Mete Tunçay sahiden dev gibiydi. Boyu posu, cüssesi ve doğal karizmasıyla.
Ama onu dev yapan sadece cüssesi değildi. Mete hoca, Türkiye’de cumhuriyet dönemi tarihçiliğinin çok büyük bir tabu kırıcısıydı, müthiş bilimsel titizliği ve belgeciliğiyle ülke entellektüel ortamını sahiden değiştirip dönüştürmüş bir insandı.
Esas devliği, onun bilimsel kişiliğinden gelir.
Kendi kişisel tarihime de girerek bir örnek vermek istiyorum.
80’li yıllarda Cumhuriyet gazetesinde çalışıyordum. Gazetenin kültür sayfalarında iki haftada bir dönüşümlü olarak Şahin Alpay yönetiminde İngilizcede “non-fiction” olarak adlandırılan tarih, sosyal bilim vs alanlardaki araştırma kitaplarının tanıtımı/eleştirisi yapılıyordu.
Bir seferinde bu sayfada Karl Popper’ın ta 1945’te yazdığı “Açık Toplum ve Düşmanları” kitabı hakkında övücü bir yazı yayımlandı. Bu yazı üzerine Cumhuriyet gazetesinde kıyametler koptu, örneğin İlhan Selçuk henüz hayatta olan ve elbette Türkiye’de kendi adı üzerindeki tartışmalardan hiç haberi olmayan Popper’e hakaretler yağdıran bir yazı yazdı.
Şansa bakın ki ben o sırada Popper’in bugün bile Türkiye’de hiç bilinmeyen bir başka kitabını, İngiltere’den satın aldığım “The Open Universe: An Argument for Indeterminism”i okuyordum ve Cumhuriyet’teki tartışmayı neredeyse hiç anlamadan takip ediyordum.
Çünkü benim için Karl Popper bir bilim felsefecisiydi; gündelik siyasetle vs ilgili bir insan değildi.
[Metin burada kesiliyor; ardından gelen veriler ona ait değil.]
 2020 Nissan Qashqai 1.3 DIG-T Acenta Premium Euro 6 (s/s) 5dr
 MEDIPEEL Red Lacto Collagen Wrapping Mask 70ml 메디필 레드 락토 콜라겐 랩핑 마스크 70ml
Hele Türkiye’de sol içinde yaşanan tartışmayla hiç ilgili değildi.
Popper’ı dünya çapında bugün bile önemli bir felsefeci yapan büyük katkısı, bilimin ne olup ne olmadığına ilişkin teorisidir. Popper’a göre herhangi bir teorinin bilimsellik değeri taşıması için onun kanıtlanması, doğrulanması gerek şart değildir; buradaki gerek şart o teorinin kendi içinde yanlışlanabilir olmayı içermesidir.
Popper bu teorisini henüz Avusturya’da, Viyana’da yaşarken yazdığı 1934 tarihli “Logik der Forschung” (Türkçede ancak 1998’de “Bilimsel Araştırmanın Mantığı” adıyla yayınlandı) adlı kitabında söylemiş ve bu sayede dünya çapında üne kavuşmuştu. Nazi’ler Avusturya’yı ele geçirince önce Yeni Zelanda’ya, sonra Londra’ya gitti, ölene kadar ünlü London School of Economics’de ders verdi.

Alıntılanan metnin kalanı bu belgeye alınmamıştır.